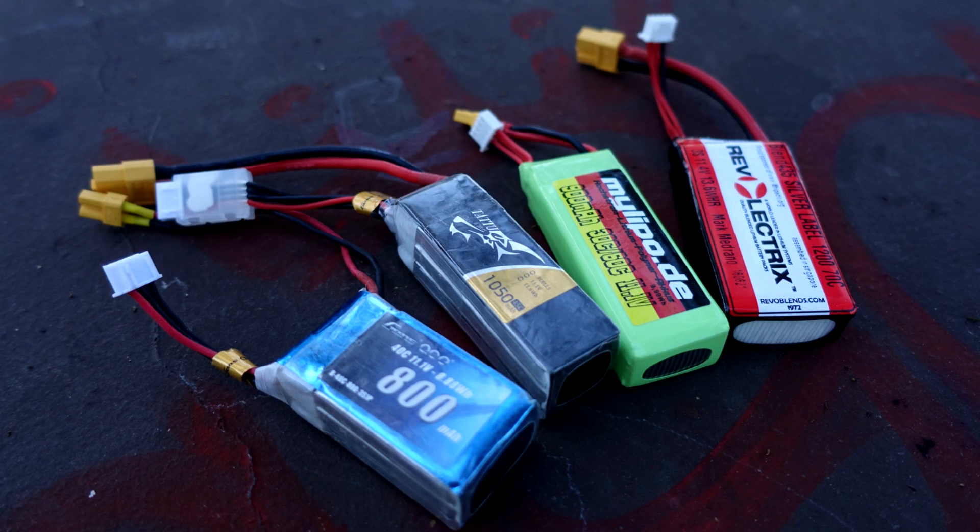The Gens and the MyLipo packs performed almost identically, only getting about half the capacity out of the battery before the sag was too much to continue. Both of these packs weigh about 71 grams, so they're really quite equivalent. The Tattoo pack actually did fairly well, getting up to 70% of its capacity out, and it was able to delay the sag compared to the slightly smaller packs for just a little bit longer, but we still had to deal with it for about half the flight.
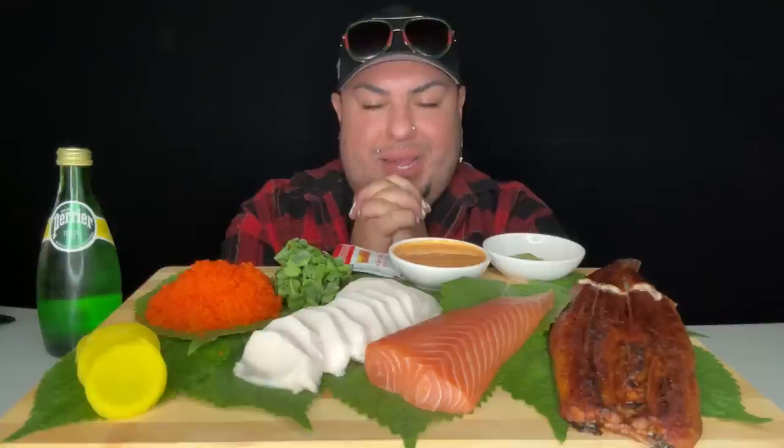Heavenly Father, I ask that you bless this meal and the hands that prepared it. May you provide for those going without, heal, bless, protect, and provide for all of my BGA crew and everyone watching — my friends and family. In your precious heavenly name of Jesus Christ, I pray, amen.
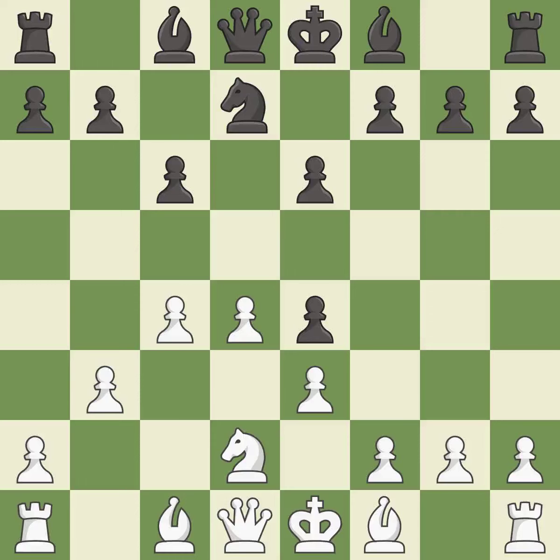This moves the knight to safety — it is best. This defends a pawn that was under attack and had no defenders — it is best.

> _What you have to do_: All the material above should be written out exactly, with images omitted.

> _Your response_:
The Gens and the MyLipo packs performed almost identically, only getting about half the capacity out of the battery before the sag was too much to continue. Both of these packs weigh about 71 grams, so they're really quite equivalent. The Tattoo pack actually did fairly well, getting up to 70% of its capacity out, and it was able to delay the sag compared to the slightly smaller packs for just a little bit longer, but we still had to deal with it for about half the flight.
Heavenly Father, I ask that you bless this meal and the hands that prepared it. May you provide for those going without, heal, bless, protect, and provide for all of my BGA crew and everyone watching — my friends and family. In your precious heavenly name of Jesus Christ, I pray, amen.
This moves the knight to safety — it is best. This defends a pawn that was under attack and had no defenders — it is best.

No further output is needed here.